P O O L S I D E 1
主将のくせにシングルス3に出てくるような奴だった。
無名校だ。大した野郎じゃない。
完璧に相手を見くびっていた。
その結果がラブゲームで惨敗。
負けたのはこれが初めてのことだった。
ショックと激しい動悸に、ラケットを握りしめたままその場から動けなくなった。
審判の声にようやく我に返ったが、テニスコートを降りた宍戸を待ち構えていたのは、険しい表情の跡部だった。
「分かっているだろうな」
青い瞳と同じように冷たい声。
宍戸は返事をすることなくひとり試合会場を出て行った。
他のチームメイトの顔などまともに見られなかった。
(――……分かってる……分かっている、そんなことは……)
『一度でも負けた者は、レギュラーから降ろされる』
それは、何度自分に言い聞かせても認められない、現実だった。
学園に戻った宍戸はすぐに部室へ行き、自分のロッカーから荷物を鞄に詰め始めた。
負けた選手はレギュラーから外される――その掟は入部してすぐに先輩から教えられたことだった。
この3年間、そうしてテニス部を去って行った人間をたくさん見てきたし、いつしかそれを当然と思うようになった。
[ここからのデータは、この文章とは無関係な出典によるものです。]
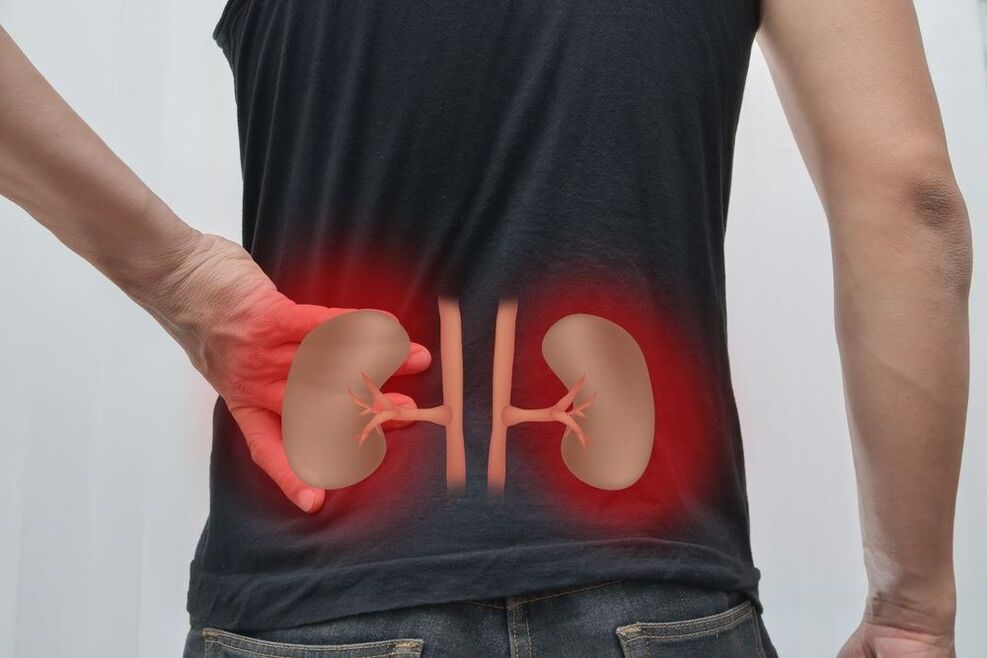 inflamația rinichilor ca cauză a durerilor de spate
実力主義の整然とした構造。宍戸はそれに納得して、今まで戦い抜いてきたはずだった。
しかし、敗者の側になった今、それはただ、ただ残酷なだけ。
どうして。なぜ負けた?
まだやれる。自分の代わりに戦える奴なんかいない。
…今までの努力はなぜ通用しなかったのだろう。
自分は、弱いのだろうか。
「……クソ…ッ…………畜生ッ!…」
たった一人の静かな部室で、宍戸は少しだけ涙をこぼした。